Per quanto riguarda invece il discorso della musica nuova, è una strada che negli anni stiamo
percorrendo parallelamente alla frequentazione del repertorio tradizionale. Un esempio su tutti è Cristian Gentilini, compositore bolognese, che ci ha dedicato il suo lavoro per quartetto “ Psalterium”, che ci ha dato la possibilità di seguire la nostra vocazione di ricerca timbrica nella riproduzione dello srumento tradizionale (il salterio) e con un linguaggio estremamente moderno ed efficace di esplorare potenzialità che solo un ensemble a corde pizzicate e così “fresco” come il quartetto di chitarre può avere. Altro importante esempio è quello del brano dedicatoci dal famoso compositore pianista romano Sergio Cafaro. Sergio Cafaro, era famosissimo per essere uno degli ultimi pianisti classico viventi a saper improvvisare su tema dato dal pubblico in stili differenti. Ci sono ancora esempi audio di versioni di “O Sole mio” in stile di Brahms, Bach, Rossini. Nel brano scritto per noi si vede proprio questa capacità (ormai probabilmente poco in uso) del saper “trascrivere lo stile” ma questa volta con tema originale. Purtroppo questo è stato l’ultimo lavoro di Cafaro che non ha mai avuto modo di ascoltare. Alla prima esecuzione che tenemmo a Roma era già molto malato e intervenne solo la moglie (anche lei importante pianista).
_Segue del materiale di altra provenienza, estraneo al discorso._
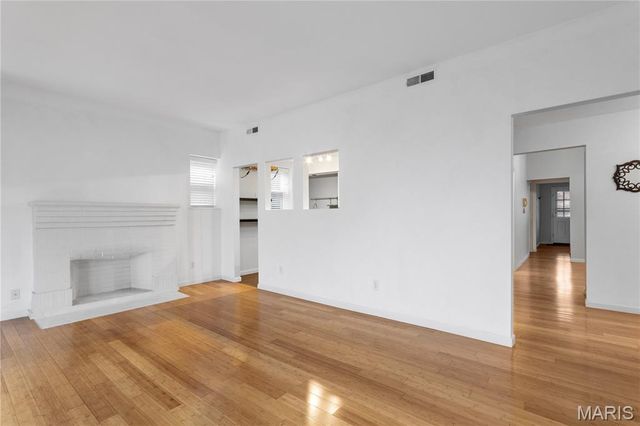 5567 Pershing Avenue 2W, St Louis, MO 63112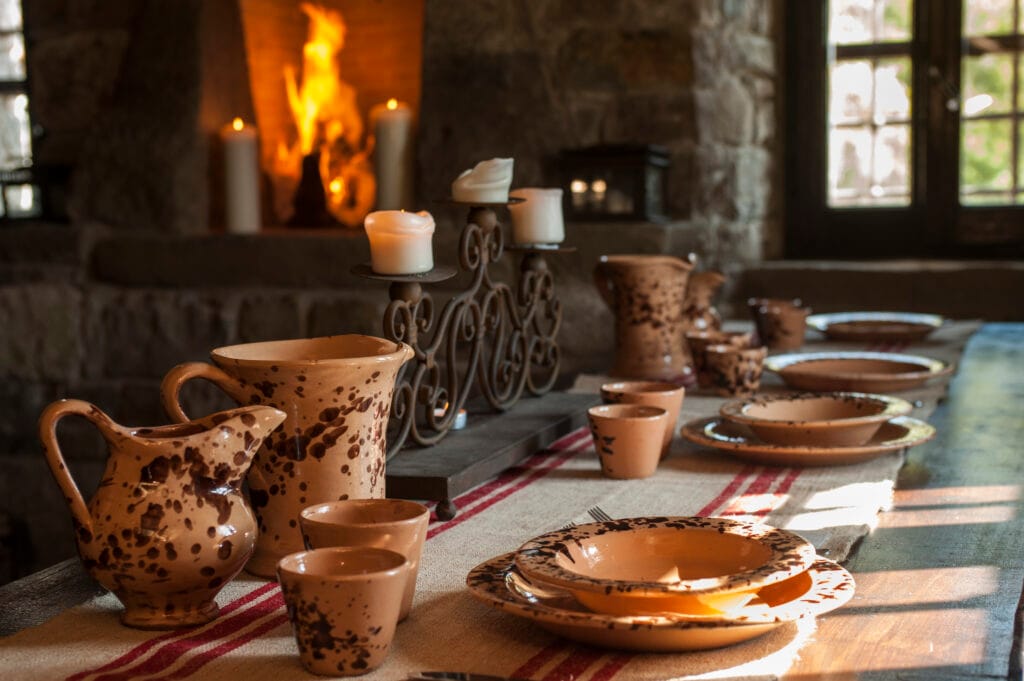La cena in silenzio nel refettorio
Con la vostra musica avete girato il mondo, che sensazioni avete nel suonare in Italia rispetto alle esibizioni all'Estero? C'è stata una situazione durante la vostra carriera che ricordate in modo particolare, in positivo oppure anche in negativo?

Roberto Tascini: dal 2005, debutto del quartetto in un contesto estero di prestigio, ad oggi effettivamente i palcoscenici solcati da questa formazione sono stati molti e variegati per collocazione ed importanza. Mi sento di affermare che le più grandi differenze le abbiamo notate non tanto nei confini geografici ma quanto nella tradizione del contesto in cui ci trovavamo ad esibirci. Cioè a parità di paese le esperienze sono state anche fortemente discordanti e ciò è sempre dipeso dalla direzione artistica, dalla storia del Festival e dalla predisposizione del pubblico all’ascolto. Quindi non la matrice culturale a discriminare bensì la “fame di cultura”. Così ricordo degli splendidi concerti nella provincia bavarese come nel centro di Londra, negli altopiani del messico come a Bologna città. Negli anni abbiamo inserito in programma opere di grande richiamo per il pubblico, penso alla Carmen di Bizet o alle danze slave di A.Dvorak, come brani più difficili all’ascolto come F.Martin, W.Walton fino alla contemporanea sperimentale e sempre abbiamo riscontrato una grande accoglienza da parte del pubblico, soprattutto dove l’interesse dell’odience era genuino verso la chitarra e non tanto verso l’”happening”. Ricordo con particolare piacere un concerto vicino Zacatecas, in Messico, dove parteciparono più di 800 studenti universitari, con ingresso a pagamento, entusiasti ed attenti dalla prima all’ultima nota. Viceversa possiamo annoverare un pubblico nobile Finlandese che dopo avere compostamente applaudito al concerto diplomaticamente definì “fin troppo energica” la nostra esibizione!
L’italia vive generalmente una dicotomia in tal senso, presentando un pubblico spesso poco abituato alle sale da concerto e che quindi fatica a praticarle, soprattutto se a pagamento, che però è molto recettivo alla musica e che quindi una volta conquistato torna volentieri.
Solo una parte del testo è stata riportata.